§ Short text fragments from websites:
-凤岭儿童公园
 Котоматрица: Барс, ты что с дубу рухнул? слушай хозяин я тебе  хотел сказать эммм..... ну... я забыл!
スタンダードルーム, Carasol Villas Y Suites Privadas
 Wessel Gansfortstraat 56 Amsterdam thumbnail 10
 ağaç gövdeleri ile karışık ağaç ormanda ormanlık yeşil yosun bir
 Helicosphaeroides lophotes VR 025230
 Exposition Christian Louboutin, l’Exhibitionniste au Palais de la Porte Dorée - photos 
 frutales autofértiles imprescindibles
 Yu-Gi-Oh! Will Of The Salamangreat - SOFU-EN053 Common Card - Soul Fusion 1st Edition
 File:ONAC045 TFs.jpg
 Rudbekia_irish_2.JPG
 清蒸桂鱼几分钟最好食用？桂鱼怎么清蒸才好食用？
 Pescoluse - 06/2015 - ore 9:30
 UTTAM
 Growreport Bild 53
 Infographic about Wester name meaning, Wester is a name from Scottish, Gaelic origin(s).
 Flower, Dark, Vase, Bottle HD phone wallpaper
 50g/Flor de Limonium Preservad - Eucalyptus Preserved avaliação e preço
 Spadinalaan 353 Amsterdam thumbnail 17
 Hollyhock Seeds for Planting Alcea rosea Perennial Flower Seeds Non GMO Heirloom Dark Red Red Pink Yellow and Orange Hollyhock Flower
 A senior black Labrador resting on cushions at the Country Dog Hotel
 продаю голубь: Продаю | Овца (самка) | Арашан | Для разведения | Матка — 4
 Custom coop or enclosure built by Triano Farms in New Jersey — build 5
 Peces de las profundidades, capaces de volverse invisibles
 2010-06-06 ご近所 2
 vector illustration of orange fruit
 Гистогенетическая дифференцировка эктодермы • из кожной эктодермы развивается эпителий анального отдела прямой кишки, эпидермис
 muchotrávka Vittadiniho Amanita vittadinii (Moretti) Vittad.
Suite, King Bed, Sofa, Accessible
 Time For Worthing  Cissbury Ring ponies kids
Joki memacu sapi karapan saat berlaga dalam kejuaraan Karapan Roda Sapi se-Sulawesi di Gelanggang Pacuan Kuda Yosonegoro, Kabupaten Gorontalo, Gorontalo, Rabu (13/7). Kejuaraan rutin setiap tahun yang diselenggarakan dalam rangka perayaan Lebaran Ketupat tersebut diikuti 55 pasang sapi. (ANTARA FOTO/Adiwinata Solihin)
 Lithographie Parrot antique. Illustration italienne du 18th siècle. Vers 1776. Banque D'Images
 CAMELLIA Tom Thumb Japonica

§ TASK ITEM: Stop after the line containing "ağaç gövdeleri ile": print exactly the lines from the start of the entries above up to it, that line included.

§ ANSWER BOX:
-凤岭儿童公园
 Котоматрица: Барс, ты что с дубу рухнул? слушай хозяин я тебе  хотел сказать эммм..... ну... я забыл!
スタンダードルーム, Carasol Villas Y Suites Privadas
 Wessel Gansfortstraat 56 Amsterdam thumbnail 10
 ağaç gövdeleri ile karışık ağaç ormanda ormanlık yeşil yosun bir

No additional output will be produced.